Souvenez-vous de vos années d’enfance : quelles étaient les moments les plus doux et joyeux ? Vous aurez peut-être un aperçu de ce dont votre enfant a besoin.
[NOTE : En cherchant une image pour illustrer cet article, j'ai fait une recherche sur le jeu libre. Les photos qui apparaissent ne montrent que des bébés et des enfant de moins de 4 ans, faisant d'ailleurs des jeux supervisés par des adultes, donc pas libres . Je me demande : est-il conventionnellement admis, même dans le monde des éducateurs, pédagogues, et parents avertis, que le jeu libre convient seulement aux jeunes enfants, car après cela il DOIT forcément entrer dans l'enseignement obligatoire et son lot de contraintes non-demandées par l'enfant ? Est-ce qu'on n'a pas besoin de liberté dans ses jeux par la suite, qu'on soit ado ou adulte ? Quel tabou cela révèle-t-il ? Le fait que jouer est une mauvaise chose, pernicieuse, qui amène aux jeux-vidéos, l'enfer, la bêtise (dogme ancien à déconstruire de toute urgence) ? Si je jeu est important pour l'enfant, est-ce qu'on considère que l'enfance s'arrête à 4 ans ? Lorsque je parle de développer l'esprit critique chez les jeunes générations, c'est aussi en constatant l'incroyable incohérence des adultes, mêmes dotés de bonnes intentions. J'en fait d'ailleurs appel à votre esprit critique pour questionner mes propres propos ;) ]
Nicolas Delarose - 2024
[1] Nombre de jeux ennuient les adultes et c’est tout à fait normal ! Les enfants ont besoin de jouer avant tout avec des copains, les parents n’ont pas cette fonction primordiale bien qu’ils soient, selon moi, bienvenus, mais dans des fonctions spécifiques (arbitres, gestion du temps, gestion logistiques…)

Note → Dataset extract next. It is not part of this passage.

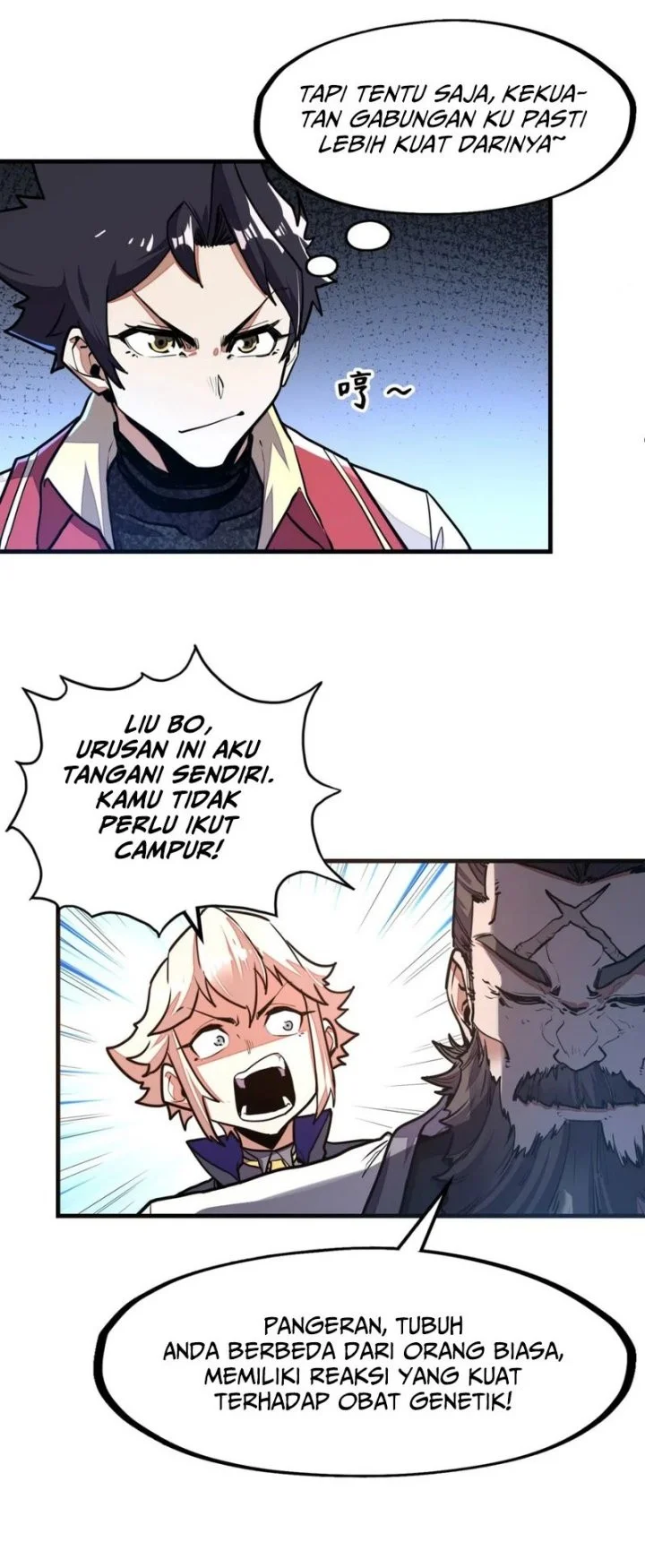 Halaman 128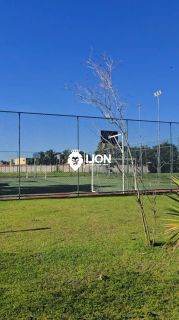 LOTE VISTA DA LAGOA – ESTRUTURA COMPLETA, LAZER E SEGURANÇA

[2] Attention, dans son flow, l’enfant ne nourrit aucun comportement addictif, car son plaisir est « sain ». Les sucres conditionnent le cerveau, de même que l’appel des écrans (plus stimulants que le réel) ou de la nourriture grasse (chips, pop corn…)

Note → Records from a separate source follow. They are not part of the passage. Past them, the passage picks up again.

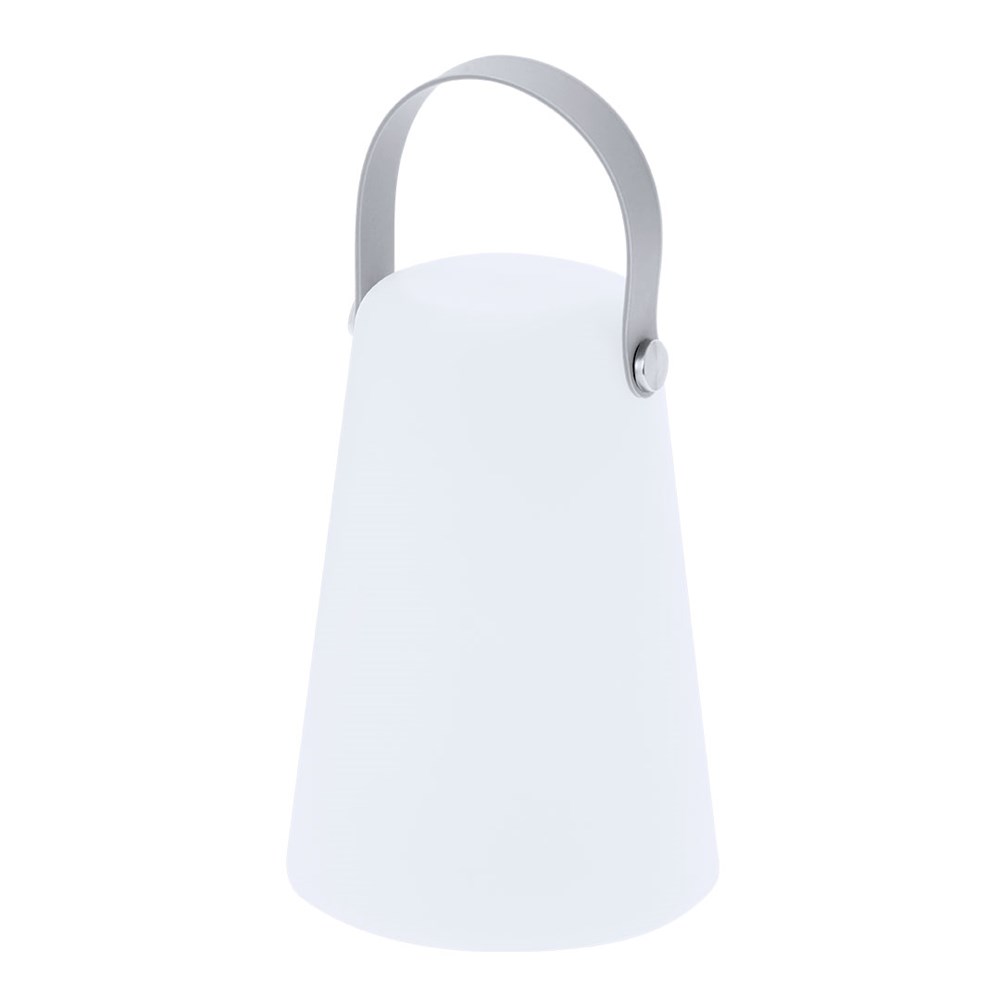 Lamp Tuxfan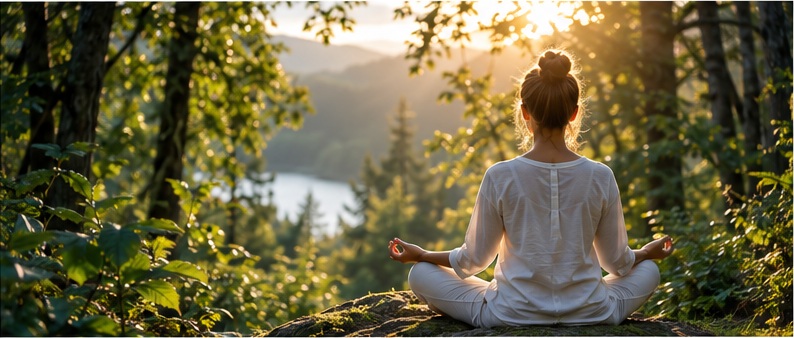 Meditation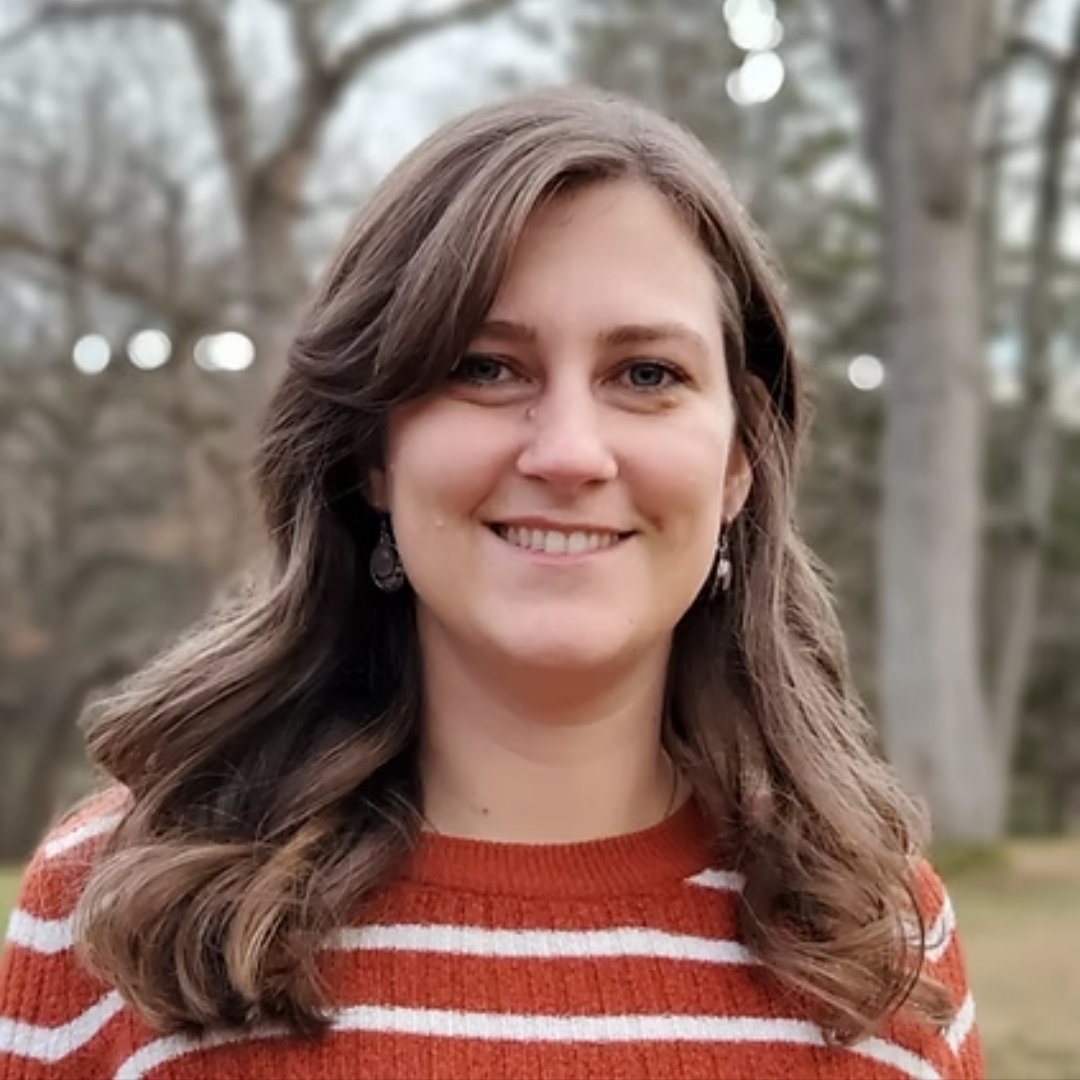I-X (@imperialx_ai) on Twitter photo 🚀 Dr Nicole Salomons (<a href="/ICComputing/">Imperial Computing</a> & I-X) is featured in the latest Imperial People Blog. In her research, Nicole explores the potential of AI and robots to benefit society through learning, teaching, and therapy in domestic and public settings. 🤖
🔗 blogs.imperial.ac.uk/imperial-peopl… 🚀 Dr Nicole Salomons (<a href="/ICComputing/">Imperial Computing</a> & I-X) is featured in the latest Imperial People Blog. In her research, Nicole explores the potential of AI and robots to benefit society through learning, teaching, and therapy in domestic and public settings. 🤖
🔗 blogs.imperial.ac.uk/imperial-peopl…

[3] Beaucoup d’enfants ne se retrouvent pas du tout dans les activités conventionnelles qu’on propose aux enfants comme le foot, la danse ou le piano, et demandent à leur entourage de faire preuve de créativité, d’inventivité, pour offrir des environnements d’exploration et de créativité idéals, sur-mesure. Les terrain aventure ou les camps de programmation / modélisation 3D sont des exemples d’activités extraordinaires.
[4] Épargnez-moi le discours sur la frustration "nécessaire" en éducation, la vie fournit naturellement suffisamment de frustration pour en générer d’avantage, cet argument me semble parfois une violence ordinaire comme tant d’autres décriées de nos jours.